# WHAT IS NEEDED:
Before printing the listing, strip out its pictures and keep everything else exact.

# GIVEN INFORMATION:
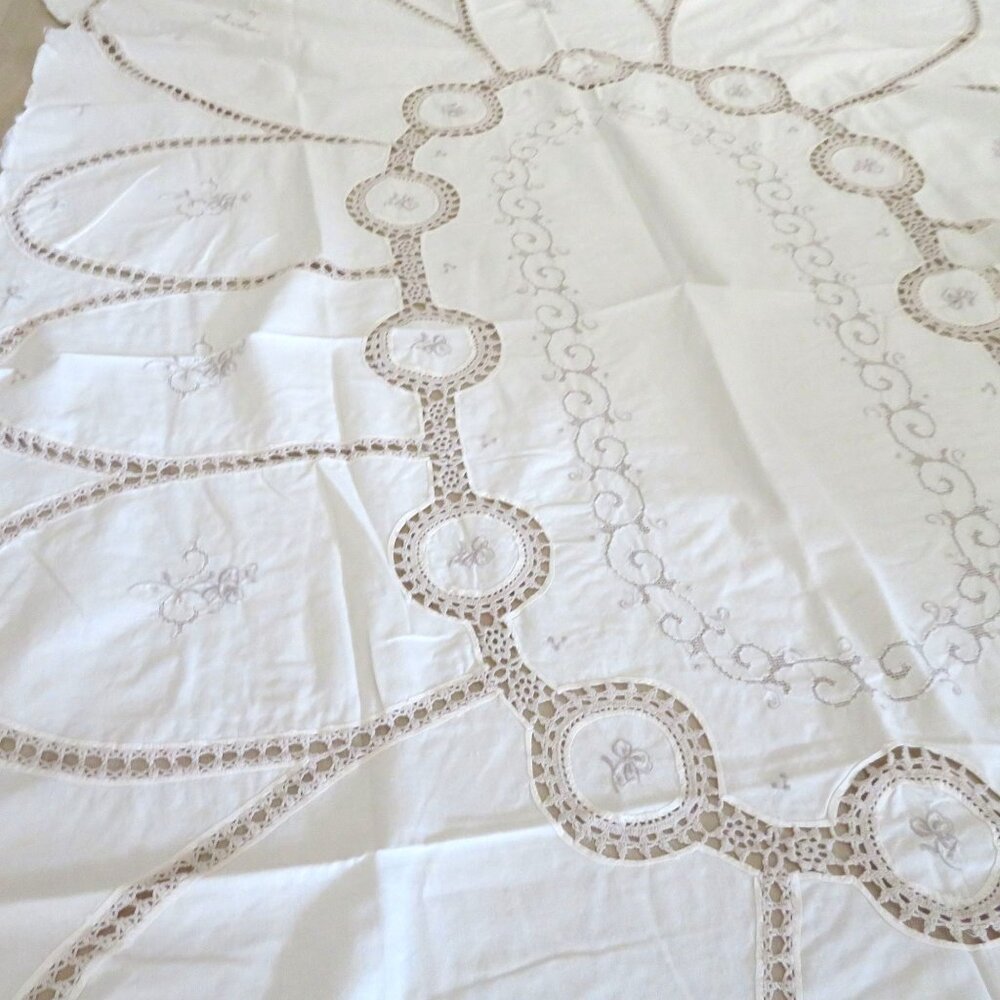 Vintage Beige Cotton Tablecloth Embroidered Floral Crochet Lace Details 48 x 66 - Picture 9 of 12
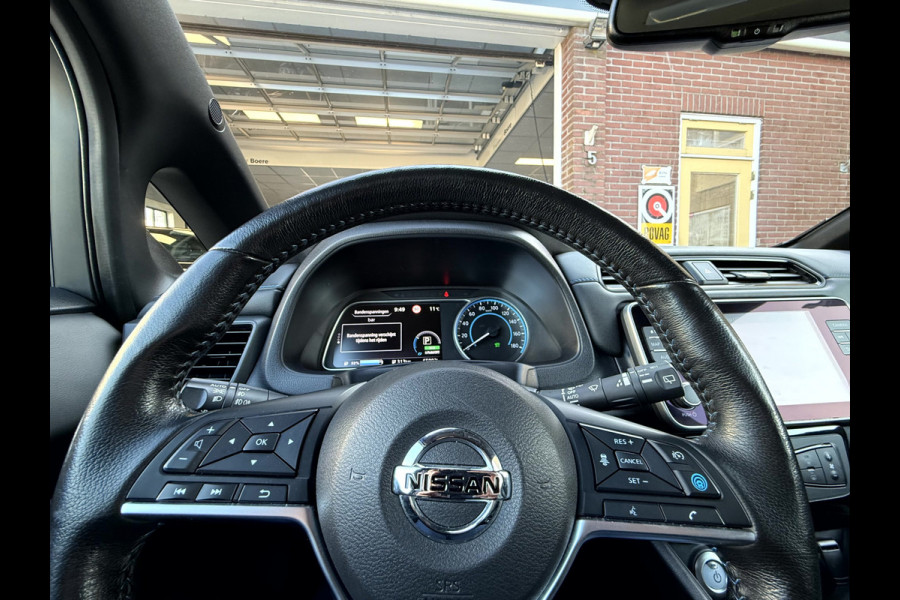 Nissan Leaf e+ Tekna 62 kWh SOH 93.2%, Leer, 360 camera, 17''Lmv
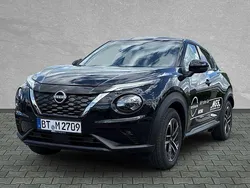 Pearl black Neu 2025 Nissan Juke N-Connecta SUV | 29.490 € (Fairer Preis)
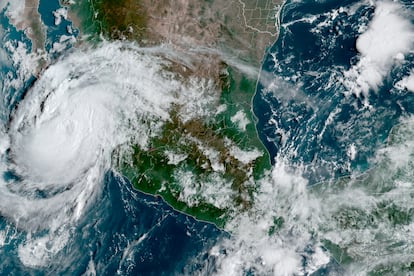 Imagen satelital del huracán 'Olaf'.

# COMPLETED TASK:
 Vintage Beige Cotton Tablecloth Embroidered Floral Crochet Lace Details 48 x 66 - Picture 9 of 12
 Nissan Leaf e+ Tekna 62 kWh SOH 93.2%, Leer, 360 camera, 17''Lmv
 Pearl black Neu 2025 Nissan Juke N-Connecta SUV | 29.490 € (Fairer Preis)
 Imagen satelital del huracán 'Olaf'.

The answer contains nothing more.